Los muertos son muchos
Cinco minutos más tarde, todo el equipo estaba bajo la lluvia, en mitad del camino, corriendo en dirección al Sur. Siguiendo el consejo de Sameth, se habían armado con bates de críquet, los palos con punta metálica y las pelotas usadas en los partidos. El sargento de la policía militar corría con ellos, su revólver desenfundado continuaba acallando las protestas de Cochrane.
Entre bravatas y jaleos, al principio, los muchachos se lo tomaron a broma. A medida que oscurecía y la lluvia caía más tupida, se calmaron. Las bromas cesaron por completo cuando a sus espaldas oyeron cuatro disparos en rápida sucesión, seguidos más lejos de un grito angustiado.
Sameth y el sargento se lanzaron una mirada cargada de miedo, una mirada en la que se adivinaba que, para su desgracia, sabían qué estaba pasando.
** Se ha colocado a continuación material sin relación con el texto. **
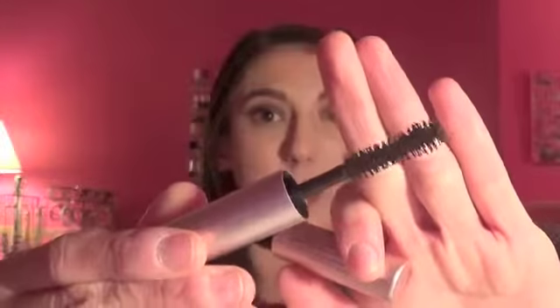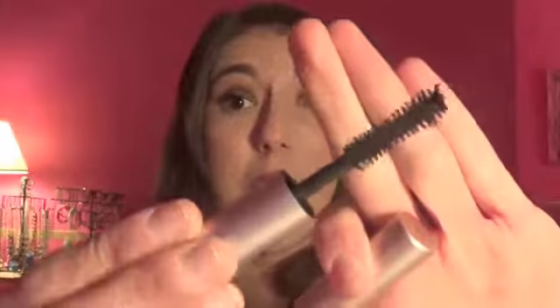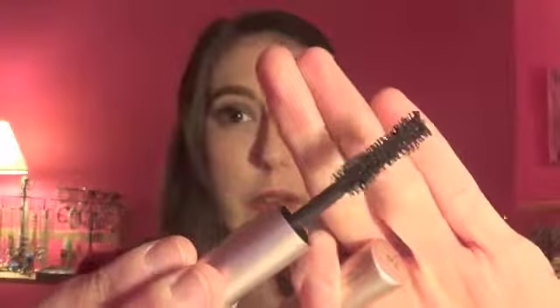Next is the Too Faced Better Than Sex mascara — I love this mascara and will eventually repurchase it, but right now I'm going through a different one. This completely dried up on me towards the end. That brush is so amazing — you wouldn't think it would be anything special because it's a very fat brush with bristles very close together, but the volume it gives is just incredible. I actually gave a full-size one to my mom because I really needed her to try it. Go try this — if you can get your hands on it, you will not be sorry.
Los disparos y el grito debían de venir del soldado de primera clase Harris, que había vuelto al puesto fronterizo.
—¿Hay algún arroyo u otra corriente de agua por aquí cerca? —jadeó Sameth, consciente de la cantinela de advertencia que, desde la infancia, venía oyendo sobre los muertos.
El sargento negó con la cabeza, sin pronunciar palabra. No dejaba de mirar por encima del hombro y de correr, con el peligro de perder el equilibrio. Poco después de haber oído el grito, vio lo que buscaba y se lo indicó a Sameth: tres bengalas con paracaídas flotaban en dirección al suelo, pocos kilómetros más al Norte.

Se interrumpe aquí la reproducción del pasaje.